■ Task directions ■
The answer must consist solely of the lines below starting at the one containing "All right, this" and ending at the one containing "After you're done", repeated exactly, with both ends included and all pictures omitted.

---*---

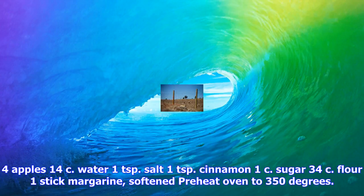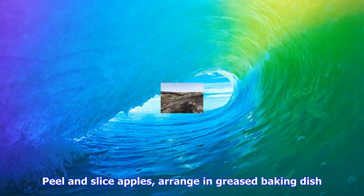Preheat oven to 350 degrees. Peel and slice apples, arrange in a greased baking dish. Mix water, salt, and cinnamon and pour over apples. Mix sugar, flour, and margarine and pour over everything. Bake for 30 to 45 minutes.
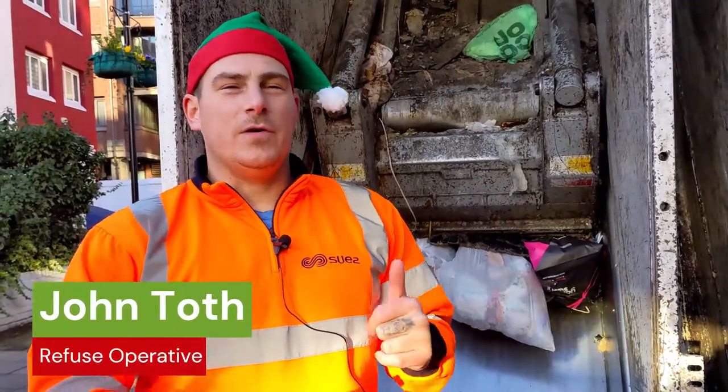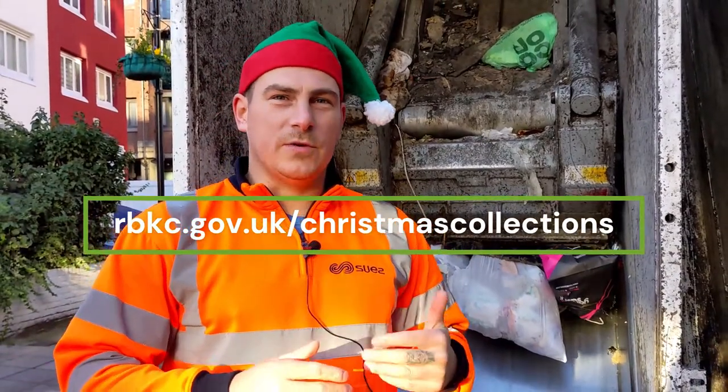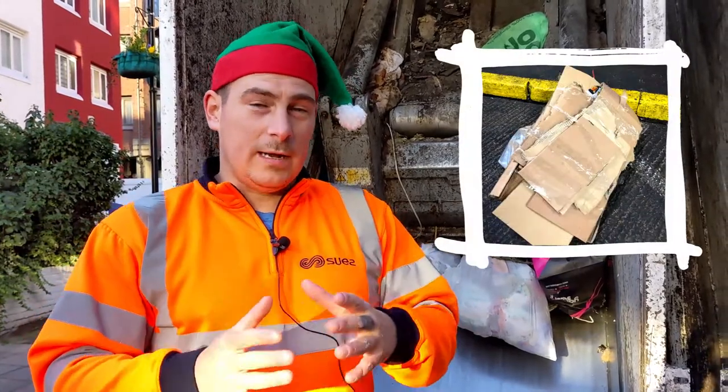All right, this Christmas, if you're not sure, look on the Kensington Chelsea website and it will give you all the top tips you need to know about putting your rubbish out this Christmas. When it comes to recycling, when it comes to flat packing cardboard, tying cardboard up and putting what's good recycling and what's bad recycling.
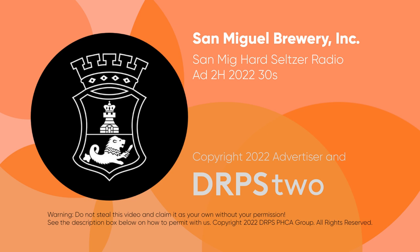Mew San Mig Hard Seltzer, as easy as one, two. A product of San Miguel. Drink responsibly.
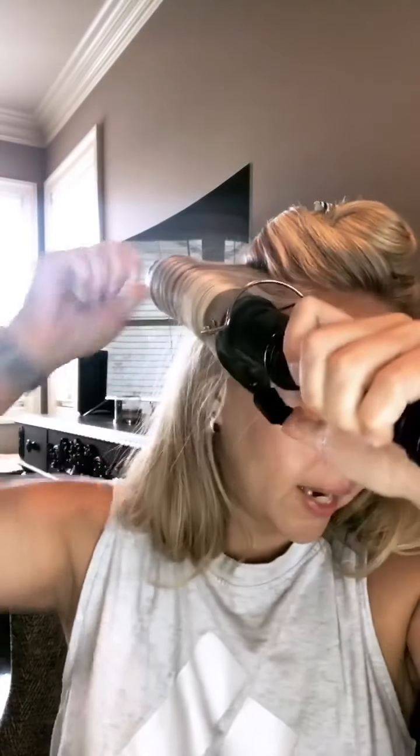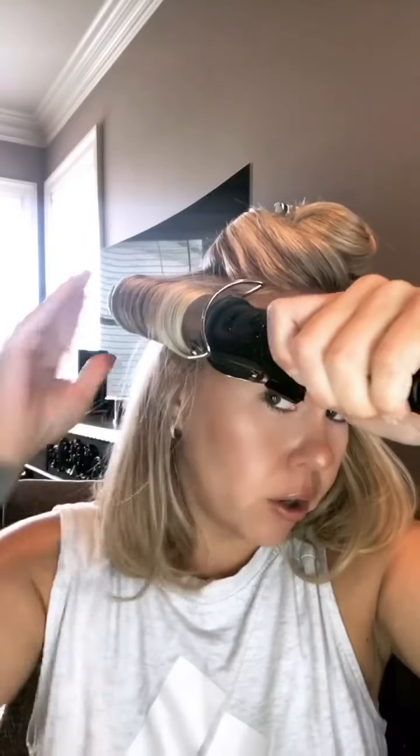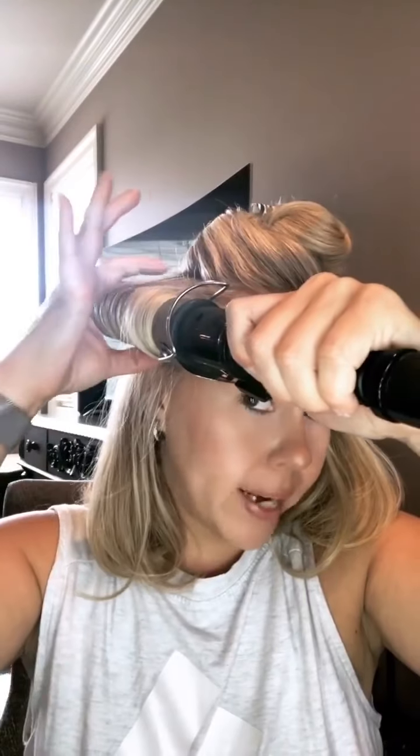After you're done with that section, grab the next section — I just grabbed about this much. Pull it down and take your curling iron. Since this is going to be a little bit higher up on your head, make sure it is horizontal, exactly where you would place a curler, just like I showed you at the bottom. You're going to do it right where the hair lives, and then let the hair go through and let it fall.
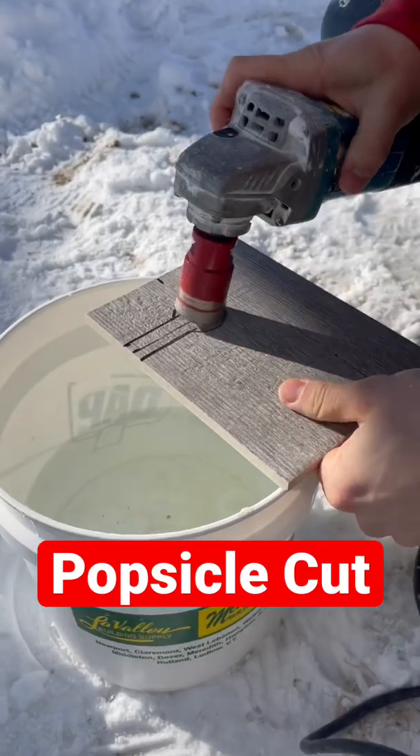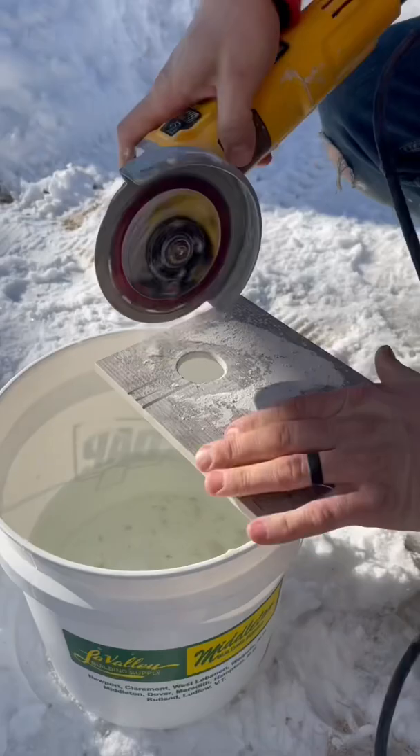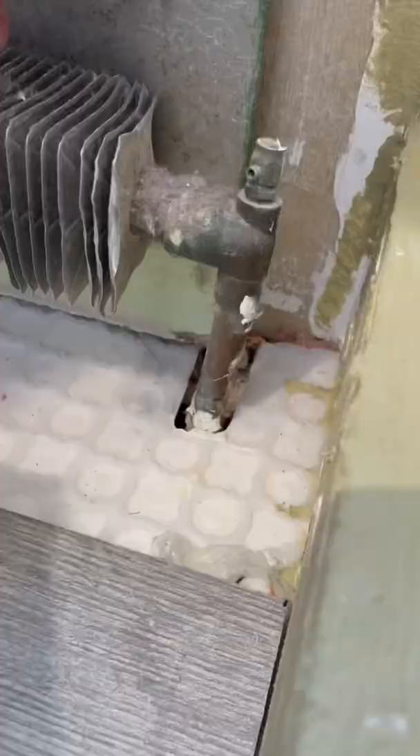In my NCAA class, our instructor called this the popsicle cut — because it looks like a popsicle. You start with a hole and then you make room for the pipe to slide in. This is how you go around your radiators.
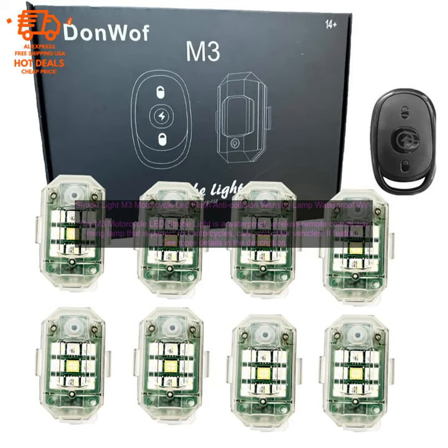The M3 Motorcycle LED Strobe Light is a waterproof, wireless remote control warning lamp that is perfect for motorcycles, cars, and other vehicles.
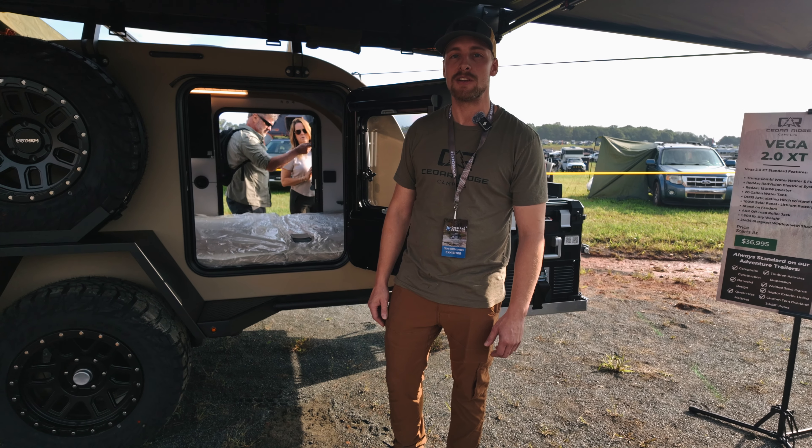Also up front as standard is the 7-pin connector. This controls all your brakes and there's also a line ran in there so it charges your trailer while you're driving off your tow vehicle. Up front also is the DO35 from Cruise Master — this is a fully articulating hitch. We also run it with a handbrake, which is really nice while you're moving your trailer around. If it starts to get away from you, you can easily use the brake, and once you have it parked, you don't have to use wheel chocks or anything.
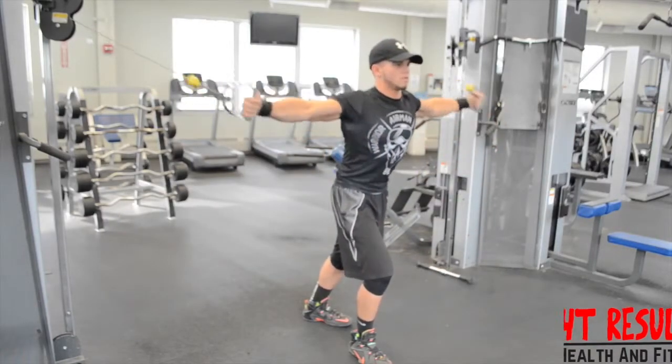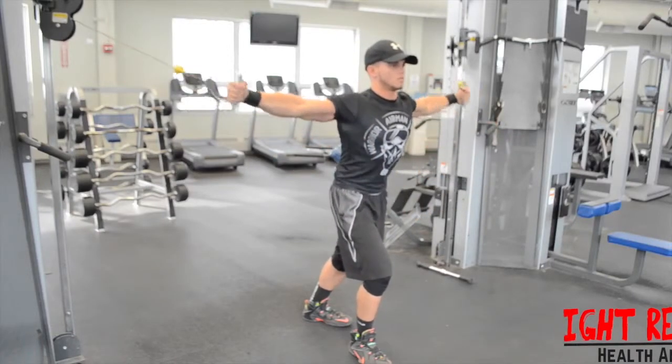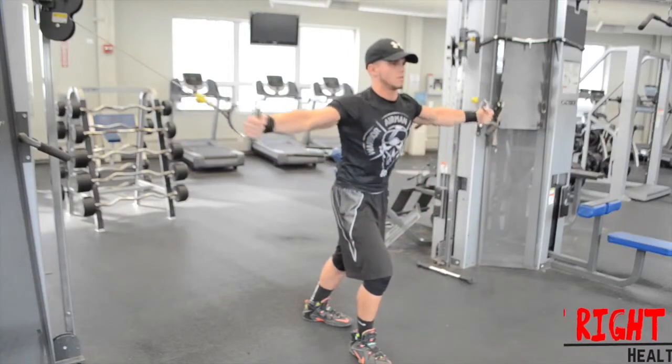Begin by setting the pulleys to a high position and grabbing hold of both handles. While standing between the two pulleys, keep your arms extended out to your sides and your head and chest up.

---*---

■ Response to the exercise ■
All right, this Christmas, if you're not sure, look on the Kensington Chelsea website and it will give you all the top tips you need to know about putting your rubbish out this Christmas. When it comes to recycling, when it comes to flat packing cardboard, tying cardboard up and putting what's good recycling and what's bad recycling.
Mew San Mig Hard Seltzer, as easy as one, two. A product of San Miguel. Drink responsibly.
After you're done with that section, grab the next section — I just grabbed about this much. Pull it down and take your curling iron. Since this is going to be a little bit higher up on your head, make sure it is horizontal, exactly where you would place a curler, just like I showed you at the bottom. You're going to do it right where the hair lives, and then let the hair go through and let it fall.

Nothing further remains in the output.